The Feminist Mosaic: The Naked Blogger, the Burka, and the Boys in Hijab
Aliaa al-Mahdy sparked a firestorm of controversy last month when she posted a sensationalist nude photo of herself on her blog, ‘Memoirs of a Revolutionary.’ Praised almost universally in the West for her “courage,” the 20-year-old art student sent “shock waves” through Egypt’s conservative society. (It is interesting to note that when women attempt to attain their rights to wear the hijab or the niqab in lets say France it is not met with the same enthusiastic praise but rather derision.)
After decades of resurgent Islam, public nudity is frowned upon in Egypt, even in art. Mahdy defended her act, writing in her blog:
Put on trial the artists’ models who posed nude for art schools until the early 70s, hide the art books and destroy the nude statues of antiquity, then undress and stand before a mirror and burn your bodies that you despise to forever rid yourselves of your sexual hangups before you direct your humiliation and chauvinism and dare to try to deny me my freedom of expression.

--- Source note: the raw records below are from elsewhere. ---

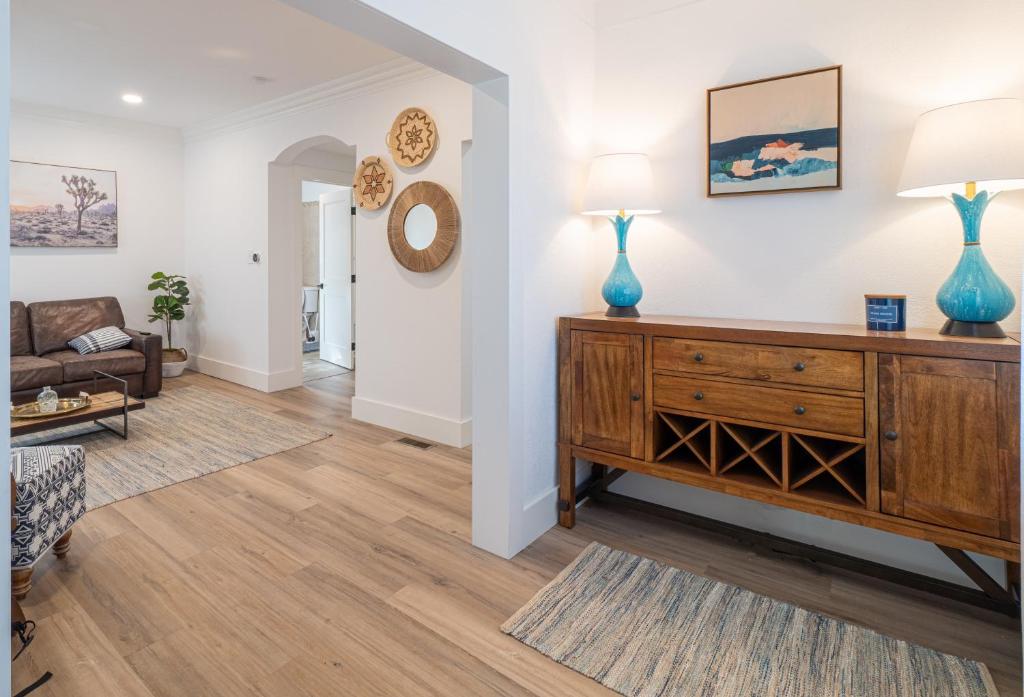 Plush 2-bed apt in Riverside Heights! (Reno)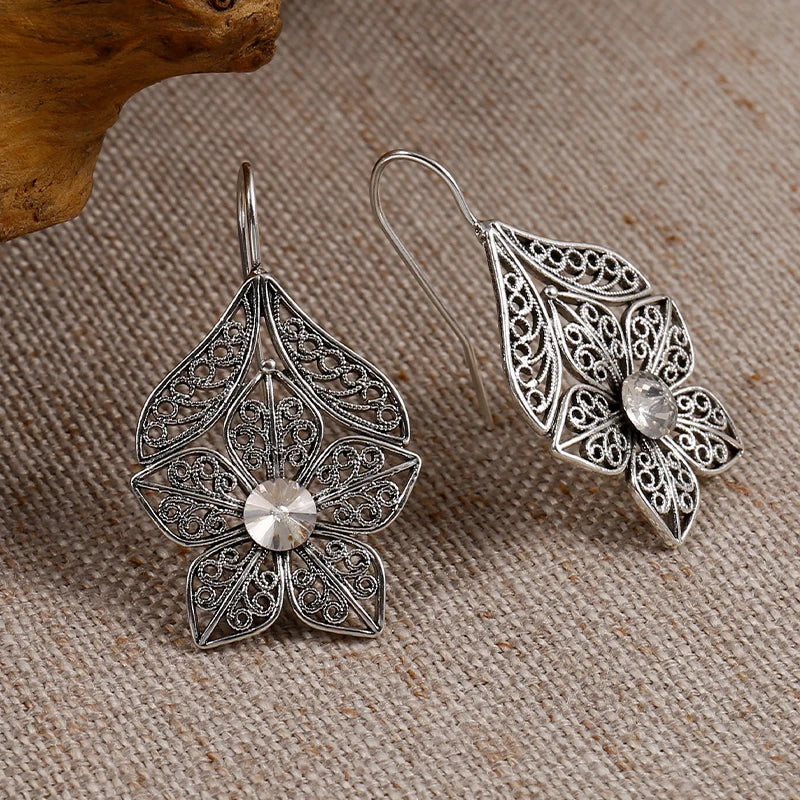 Romantic Silver Earring for Special Moments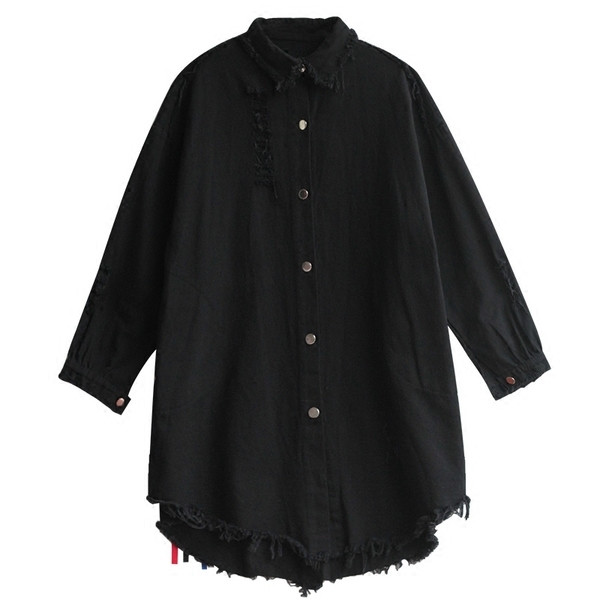 Дамско ежедневно яке с интгересна апликация на гърба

Mahdy also launched a Facebook campaign, “Wearing Hijab in Solidarity with Women,” which called on men to support women’s rights by uploading photos of themselves wearing headscarves. The idea of men wearing hijab to make a political statement is not new.
In 2009, Iranian authorities tried to humiliate jailed activist Majid Tavakoli by publishing photos of him wearing hijab as punishment for his role in protests following a disputed election. Iranian men responded by launching the online “Be a Man” campaign, and hundreds of men expressed their solidarity with Travakoli by uploading photos of themselves wearing hijab.